Reputation: 225
I've got a matrix with "A", "B" and NA
values, and I would like to count the number of "A" or "B" or NA
values in every column.
sum(mydata[ , i] == "A")
and
sum(mydata[ , i] == "B")
worked fine for columns without NA
. For columns that contain NA
I can count the number of NA
s with sum(is.na(mydata[ , i])
. In these columns sum(mydata[ , i] == "A")
returns NA
as a result instead of a number.
How can i count the number of "A" values in columns which contain NA
values?
Thanks for your help!
Example:
> mydata
V1 V2 V3 V4
V2 "A" "A" "A" "A"
V3 "A" "A" "A" "A"
V4 "B" "B" NA NA
V5 "A" "A" "A" "A"
V6 "B" "A" "A" "A"
V7 "B" "A" "A" "A"
V8 "A" "A" "A" "A"
sum(mydata[ , 2] == "A")
# [1] 6
sum(mydata[ , 3] == "A")
# [1] NA
sum(is.na(mydata[ , 3]))
# [1] 1
Upvotes: 4
Views: 13301
Reputation: 1
A quick way to do this is to do summary stats for the variable:
summary(mydata$my_variable) of table(mydata$my_variable)

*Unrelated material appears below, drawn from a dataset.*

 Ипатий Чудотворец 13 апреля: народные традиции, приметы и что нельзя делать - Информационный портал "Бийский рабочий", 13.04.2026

This will give you the number of missing variables.
Hope this helps
Upvotes: 0
Reputation: 1
Another possibility is to convert the column in a factor and then to use the function summary. Example:
vec<-c("A","B","A",NA)
summary(as.factor(vec))
Upvotes: 0
Reputation: 31
Not sure if this is what you are after. RnewB too so check if this working. Difference between the number of rows and your number of rows will tell you number of NA items.
colSums(!is.na(mydata))
Upvotes: 3
Reputation: 19454
To expand on the answer from @Andrie,
mydata <- matrix(c(rep("A", 8), rep("B", 2), rep(NA, 2), rep("A", 4),
rep(c("B", "A", "A", "A"), 2), rep("A", 4)), ncol = 4, byrow = TRUE)
myFun <- function(x) {
data.frame(n.A = sum(x == "A", na.rm = TRUE), n.B = sum(x == "B",
na.rm = TRUE), n.NA = sum(is.na(x)))
}
apply(mydata, 2, myFun)
Upvotes: 0
Reputation: 179558
The function sum
(like many other math functions in R) takes an argument na.rm
. If you set na.rm=TRUE
, R removes all NA
values before doing the calculation.
Try:
sum(mydata[,3]=="A", na.rm=TRUE)
Upvotes: 7